The poems in the anthology are often birthed out of her personal experiences, yet they have an universal appeal. The verses reflect her tender empathetic heart and you feel a lump in the throat and tears well up in your eyes as you read lines like these:
The poor bedraggled often gapes
At the luxurious cars zooming past,
Casts envious looks at the gluttons gorging on street food.
He pats his stomach
Trying in vain to stop the rumbling rebellion inside
Poetry is a tool for reflection. It cannot be compartmentalised into a single box for it is the expression of multi-layered human emotions in aesthetically curated verses, decked with poetic tools. And, thus, it acts as a portal to transmit what a poet perceives, thinks and feels in her eyes, those abstractions, into something tangible, birthed through her eloquent nib. The poems act as a prism to reflect a spectrum of emotions. Each poem in this book is a meditation on what it means to be human.
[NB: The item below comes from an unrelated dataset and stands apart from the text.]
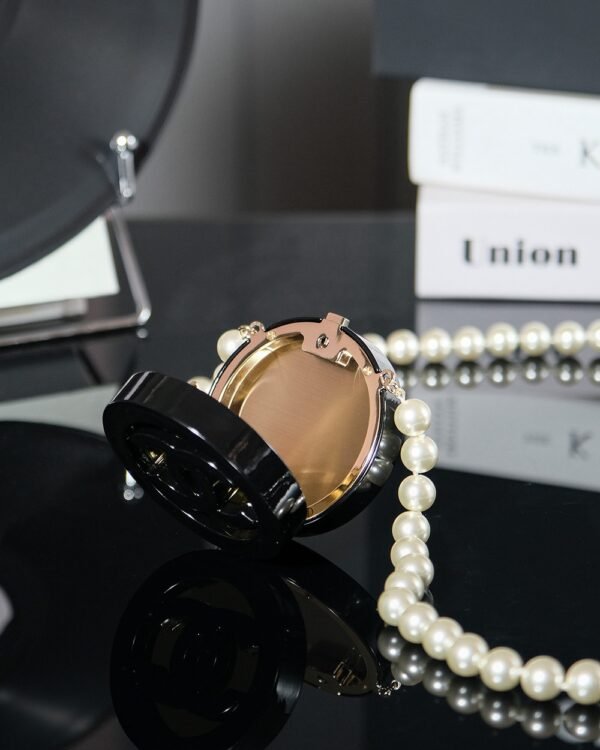 CHL 24b Pearl Chain Bag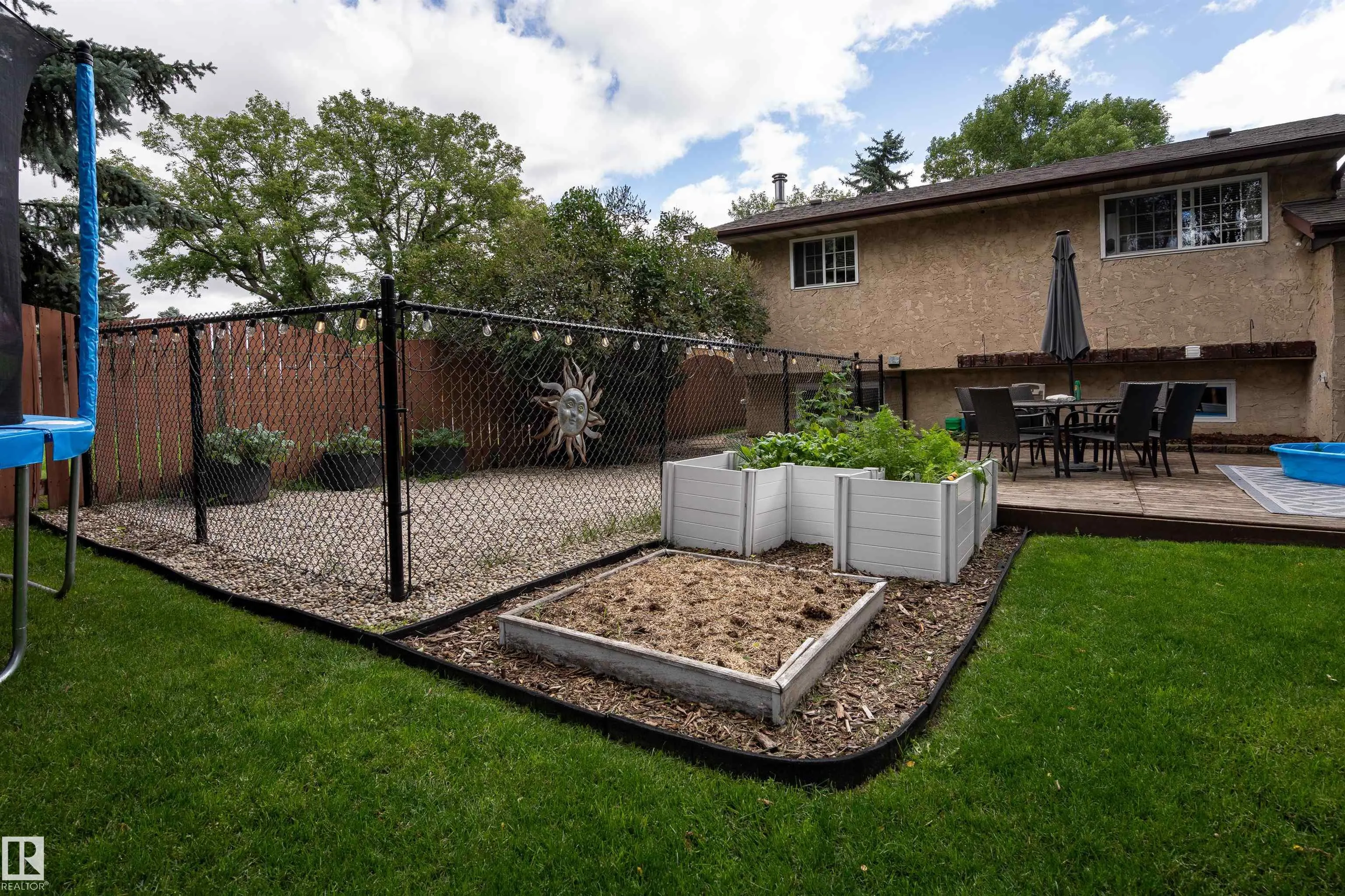 20 WOODLAKE Road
Grief stricken, famished and scruffy humanity
Slogs on for miles, barefooted,
The tooting of warmongers growing louder
every minute.
A linnet’s exuberant song goes unheard.
After all, it is only an inconsequential bird,
Who does nothing but sing, in its untiring mission
of celebrating life.
These lines are hard hitting! The poem is exquisite and wrapped in vulnerability and resolve that I find too relatable. It doesn’t flinch or sugar coat our shared predicament, instead encourages us to take a deep look of the hard world we live in, nudges us to introspect and ask us why we can’t be a bit more kind and empathetic towards each other, for life is singular and it’s not worth the war and hatred. Why can’t compassion shape the contours of our soul? Why can’t we be gentler towards each other and spread love and light? Why can’t we make it a better place for each other?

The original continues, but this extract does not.